St. Cloud’s State’s first goal was crazy. Easton Brodzinski flipped the puck high into the air and it ended up right in front of the slot. All six Terriers on the ice, including Commesso, lost sight of the puck. But Micah Miller did not, and he promptly ripped home the equalizing score without any BU push back. Commesso’s head was still looking behind the goal line when the forward tied the contest.
Later in the second period, BU was again hemmed in their zone. In desperation, Cockerill fired the puck to the boards. But the puck found Nick Perbix’s stick who promptly fired an attempt. The shot deflected off Cockerill then Terrier defenseman Alex Vlasic to the net and in. A wild double deflection left BU both snake-bitten and trailing 2-1.
But the tide started to shift after the Terriers were given a chance on the man advantage. After setting up their attack, Jake Wise sniped home a score from the right circle, again knotting the score.
But St. Cloud immediately unknotted the contest, again, as no Terrier picked up Brodzinksi in the slot. The forward wristed home the eventual game-winner for the Huskies.
But at the start of the third period, the Terriers had a golden opportunity to seize momentum. Chase Brand elbowed Jay O’Brien in the head and was assessed a major penalty and game misconduct.
So, all of the fluky bounces, failed clear attempts and uncapitalized scoring opportunities could be wiped away if BU was able to find their rhythm on the man advantage. On the hunt for their third goal of the afternoon, Hobey Baker finalist, David Farrance led the rush up the ice. He crossed into St. Cloud’s zone with 4:23 left on the power play.
Before the game, any BU fan would have signed up for this situation. Only down one, practically an entire period left, Terriers at the start of a major penalty and the puck on Farrance’s stick in the Huskies offensive zone.
But unfortunately for BU, the next 4:23 was disastrous, and the reason why they did not move on to face Boston College the next evening in the NCAA tournament.
As Farrance glided below the goal line, his centering pass was deflected back to him. He then re-directed the puck to open space on the right point. But Jami Krannila saw a prime opportunity to make a play.
As if he was shot out of a cannon, the forward put his head down and busted down the ice after the coveted black rubber. After getting in front of Farrance, the race was on between him and Cockerill. Krannila got the puck first which caused Cockerill to trip him up trying his best to stop a prime short-handed bid.
But the referee deemed that Cockerill’s trip on Krannila warranted a penalty shot. While BU disagreed with this ruling, their cries fell on deaf ears. That left Krannila vs. Commesso to seize the momentum of the contest.
Krannila drifted up the ice and into BU’s zone. From the slot, just to the right of the far circle, he wristed home the insurance score. The shot beat Commesso glove side.
While this ended up being a massive play in the game, and appeared to thoroughly break BU’s spirits, the real truth is the Terriers were far from done. While it certainly was not ideal that St. Cloud had potted the uber rare short-handed penalty shot, the fact of the matter is BU still had over four minutes on the man advantage.

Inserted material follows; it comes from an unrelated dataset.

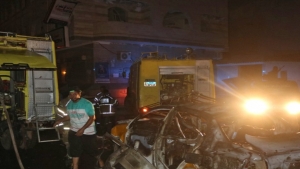 حصيلة ضحايا انفجار عدن في الوكالات الدولية: رويترز ستة قتلى و8 في اسوشيتد برس و 12 من فرانس برس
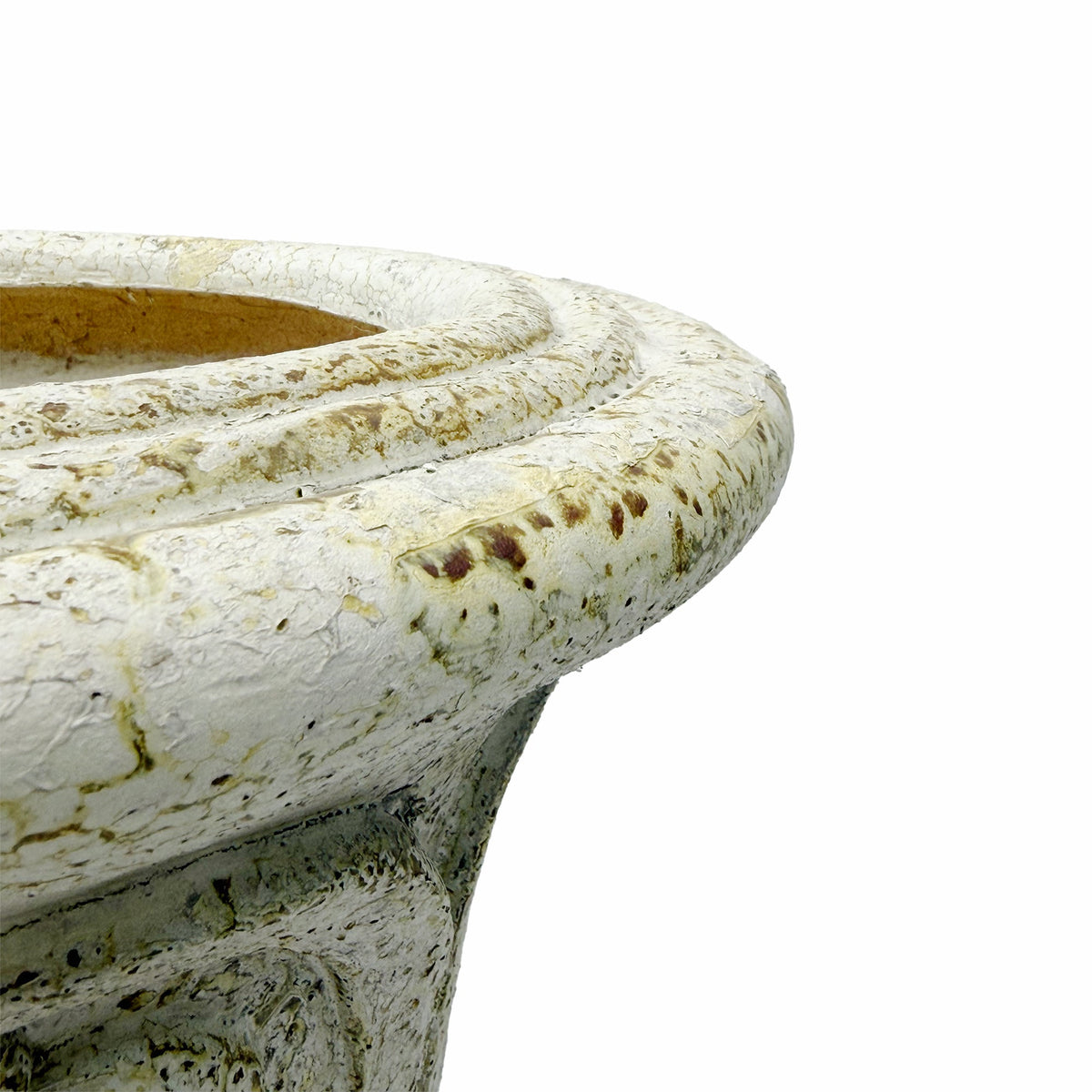 Rust Finish MGO Garden Planter with Drainage Hole - Garden Pots & Planters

But for the rest of the major, BU squandered any chance of getting back into the contest. The power play was unable to either get speed through the neutral zone to capitalize on the rush or set up in the zone to get a cycle firing off. The Huskies were able to stifle the Terriers’ five-on-four attack and clear the puck time and time again.
Yes, Peterson getting disqualified was significant. Absolutely, the first two St. Cloud’s goals were full of Husky puck-luck. And definitely, the Krannila penalty shot score helped swing the tide in the contest.
But to just focus on Krannila’s unconventional short-handed score would be missing the forest for the trees. BU was still in a fine position to re-grab momentum by potting a power play score. They especially could have supplied pressure to the Huskies by immediately finding the back of the net.
You know, like how St. Cloud responded after Wise’s power play goal earlier in the contest.
The Terriers had a chance to show some much-needed mental toughness by collecting themselves and lighting the lamp on the major. Instead, they slipped back into bad habits that have plagued them for the last month-plus.
Krannila’s goal is not the reason St. Cloud moved on to face Boston College. The Terriers season is over because they were unable to respond after the short-handed score.